What Role Do Competitions Play in Classical Music?

By Catherine Yang
Catherine Yang
Catherine Yang
September 27, 2018 Updated: October 8, 2019

Just recently, 27-year-old violinist Richard Lin took home one of the largest classical music prizes when he won gold medalist at the 10th Quadrennial International Violin Competition of Indianapolis (IVCI).

It’s not his first win—Lin has already netted top prizes at Sendai, Wieniawski, Singapore, Shanghai, and other competitions. Former IVCI top prize winners include Leonidas Kavakos, Judith Ingolfsson, Augustin Hadelich, and many others.

What do these medals really mean for musicians? Prior to a competition, sometimes these musicians are completely unknown, though sometimes they are already rising stars on the competition circuit. But winning a prestigious competition—not all competitions are equal—can make a career.

IVCI is very cognizant of this. It builds the 17-day competition, its prize, and its rounds to find a concert-ready artist around launching the winner’s career.
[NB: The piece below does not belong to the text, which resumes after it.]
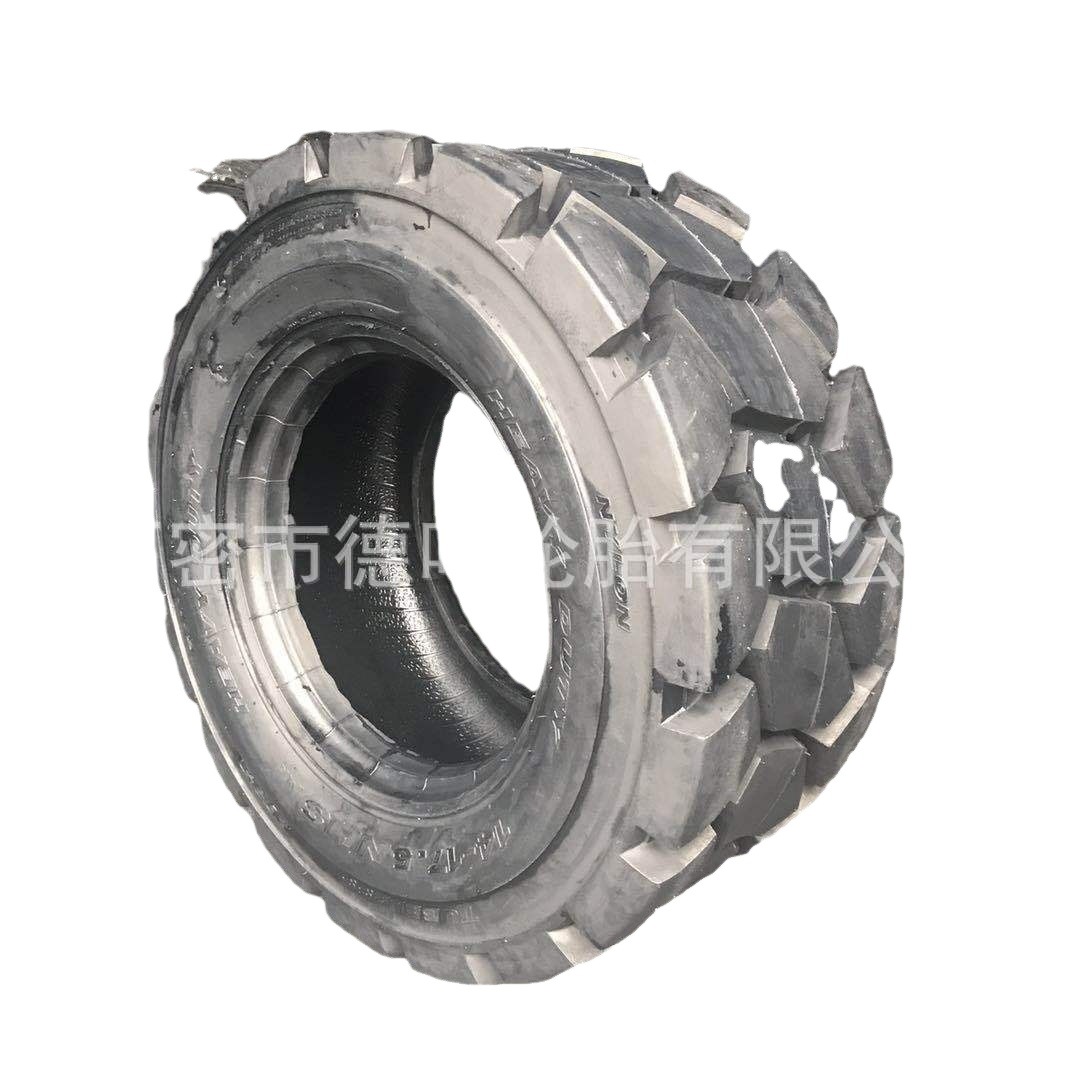 Los fabricantes suministran SKID STEER cargador neumático 14-17.5 barredora pequeño cargador de neumáticos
The competition selects six laureates, or finalists, and the top three win gold, silver, and bronze medals.

2018 GSB Medalists
IVCI laureates (L-R) Luke Hsu, Richard Lin, and Risa Hokamura. (Denis Ryan Kelly Jr.)

The medalists receive a large cash prize (gold is $30,000), a Carnegie Hall recital, international concert engagements, four years of career mentorship and career management by IVCI, and the 1683 ex-Gingold Stradivarius on loan for the next four years.

“The four rounds of the Competition are structured to test the complete artistry of the violinists from Bach to the contemporary composer William Bolcom,” Jaime Laredo, IVCI Jury President, said by email.

IVCI also aims to focus on the less competitive aspects of a major competition, such as the concerts themselves and the artistry of music-making. The performances were livestreamed to global audiences and still available to watch online.

Lin picked one of his personal favorites for his final round concerto as soon as he saw the piece on the list—Max Bruch’s “Scottish Fantasy”—despite the fact that it’s not the technical showpiece a musician would usually try to wow the judges with in a competition. He’d never heard it played in competition or seen it on the list—and even this time around, Lin was the only one to choose that piece.

“Richard Lin clearly showed that he is a seasoned artist with something unique and personal to say with his playing,” Laredo said.

Lin, with dual citizenship in Taiwan and the United States,  previously had concert engagements mainly in Asia and Europe, but with the help of the IVCI management, he looks forward to playing more concerts in the U.S.

For Lin, the high caliber IVCI was the kind of event he’d dreamed about since he was a young violinist.

“I did not treat it as a competition, I performed as if they were my own concerts instead,” Lin said via email. “Thinking of winning may add more pressure on myself and hinder my music making.  I was extremely surprised, humbled, and honored to be awarded the first prize.”

Gingold’s Legacy

Josef Gingold is remembered not just as a great performer but a beloved violin teacher. He studied under Eugène Ysaÿe and had an illustrious career before teaching at the Indiana University Jacobs School of Music for more than 30 years, where he mentored musicians including Gil Shaham, Joshua Bell, Jaime Laredo, and Arnold Steinhardt.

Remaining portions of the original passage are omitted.